Good Guys have morphed into Bad Guys and vice versa. Bolton is one of the former and, of all people, Michael Moore is now one of the Good Guys who supports Snowden. But then so is Glen Beck.
As a general rule I think we can see that the Libertarian branch of FR generally supports Snowden. The Strong National Defense branch doesn't. And on the Left, the Obamabots are against Snowden while the "We Don't Need No Stinking National Defense" arm of the Left support him.
What to make of this?
We live in very, very interesting times. I don't know what to make of it.
“My party is all good and the other party is all bad” is usually the way of talk radio and many politicians, and woe unto those who dare to criticize Rush Limbaugh here. What we’re seeing with the recent outrages — acknowledged by both D’s and R’s to have been supported and put into place by both D’s and R’s — is that the False Choice Fallacy is becoming obvious.

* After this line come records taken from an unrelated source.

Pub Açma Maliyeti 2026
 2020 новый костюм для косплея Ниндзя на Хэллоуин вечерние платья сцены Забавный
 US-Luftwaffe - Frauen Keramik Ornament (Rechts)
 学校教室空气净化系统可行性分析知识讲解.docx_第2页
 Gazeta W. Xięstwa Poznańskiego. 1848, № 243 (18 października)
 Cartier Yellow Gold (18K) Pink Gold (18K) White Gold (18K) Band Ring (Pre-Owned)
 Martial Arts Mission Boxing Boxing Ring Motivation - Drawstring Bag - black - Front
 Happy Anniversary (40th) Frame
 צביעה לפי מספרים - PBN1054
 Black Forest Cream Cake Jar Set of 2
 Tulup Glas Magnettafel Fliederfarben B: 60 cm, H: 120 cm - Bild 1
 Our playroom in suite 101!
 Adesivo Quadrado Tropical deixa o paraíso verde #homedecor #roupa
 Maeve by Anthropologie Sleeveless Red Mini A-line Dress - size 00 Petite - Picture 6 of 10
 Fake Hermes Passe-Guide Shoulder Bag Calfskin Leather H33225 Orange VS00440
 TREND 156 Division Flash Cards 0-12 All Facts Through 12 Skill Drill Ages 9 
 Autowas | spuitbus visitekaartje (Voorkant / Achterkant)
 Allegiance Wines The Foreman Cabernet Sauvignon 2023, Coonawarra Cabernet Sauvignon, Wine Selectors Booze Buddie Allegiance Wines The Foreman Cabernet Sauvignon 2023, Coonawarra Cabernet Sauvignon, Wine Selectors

The libertarians especially have long been able to paint R’s and D’s with the same brush on some issues — increasing intrusion of big government, increasing spending regardless of economic circumstances, support for government malfeasance at every level — and now we are seeing that it’s not necessarily D’s vs R’s, it’s as much Constitutionalists vs post-Constitutionalists. The latter group certainly has included many R’s for quite some time.
We live in very, very interesting times. I don't know what to make of it.
It's a phenomenon as old as humanity, best described in this quote:
"Political tags - such as royalist, communist, democrat, populist, fascist, liberal, conservative, and so forth - are never basic criteria. The human race divides politically into those who want people to be controlled and those who have no such desire." -- Robert A. Heinlein
View it as authoritarians versus freedom lovers and it all settles into place, deluded though the left end of the spectrum for either one may well be.